Project Summary/Abstract Inorganic arsenic (iAs) is the top chemical on the ATSDR priority list of hazardous substances. Its role in carcinogenesis has been studied extensively, whereas its role in metabolic disorders has not. Recent human epidemiology studies have identified correlation between type 2 diabetes (T2D) and arsenic exposure. We found that the effect of iAs on metabolism shows sexual dimorphism in mice, with male mice more susceptible to glucose intolerance and female mice more susceptible to changes in hepatic lipid accumulation. We hypothesize that the metabolic and transcriptomic effect of iAs is modulated by estrogen through estrogen receptor (ER) and its co-repressor complex containing histone deacetylase 3 (HDAC3), which accounts for gender-specific effects of iAs in diabetes. We will determine whether loss of estrogen receptor (ER) increases susceptibility to iAs-induced diabetes; whether gain-of-function of ER through genetic manipulation of HDAC3 protects against iAs-induced diabetes; how ER modulates iAs-induced transcriptomic changes, and whether such modulation can be mimicked by HDAC inhibitors (HDIs). Our study addresses the knowledge gap in gender-specific susceptibility to diseases or environmental toxins, and has obvious translational value in prevention and treatment against environmental hazards in both genders, given the availability of selective estrogen receptor modulators (SERMs) and epigenome-modifying HDIs.
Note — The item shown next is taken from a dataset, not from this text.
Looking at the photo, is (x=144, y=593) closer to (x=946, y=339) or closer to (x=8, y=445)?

项目摘要/摘要 无机砷（IAS）是ATSDR优先级危险物质的最高化学物质。它的作用 癌变已经进行了广泛的研究，而其在代谢障碍中的作用却没有。最近的人 流行病学研究已经确定了2型糖尿病（T2D）和砷暴露之间的相关性。我们 发现IAS对新陈代谢的影响显示小鼠的性二态性，雄性小鼠更容易受到影响 葡萄糖不耐症和雌性小鼠更容易受到肝脂质积累的变化。我们 假设IAS的代谢和转录组作用是通过雌激素调节的 受体（ER）及其含有组蛋白脱乙酰基酶3（HDAC3）的共抑制剂复合物 IAS在糖尿病中的性别特异性作用。我们将确定雌激素受体（ER）的丧失是否增加 对IAS诱导的糖尿病的敏感性；是否通过HDAC3的基因操纵来获得功能的功能 预防IAS诱导的糖尿病； ER如何调节IAS诱导的转录组变化，以及是否是否 HDAC抑制剂（HDI）可以模仿这种调节。我们的研究解决了知识差距 性别特定对疾病或环境毒素的敏感性，并且具有明显的翻译价值 鉴于选择性的可用性 雌激素受体调节剂（SERM）和表观基因组修饰HDI。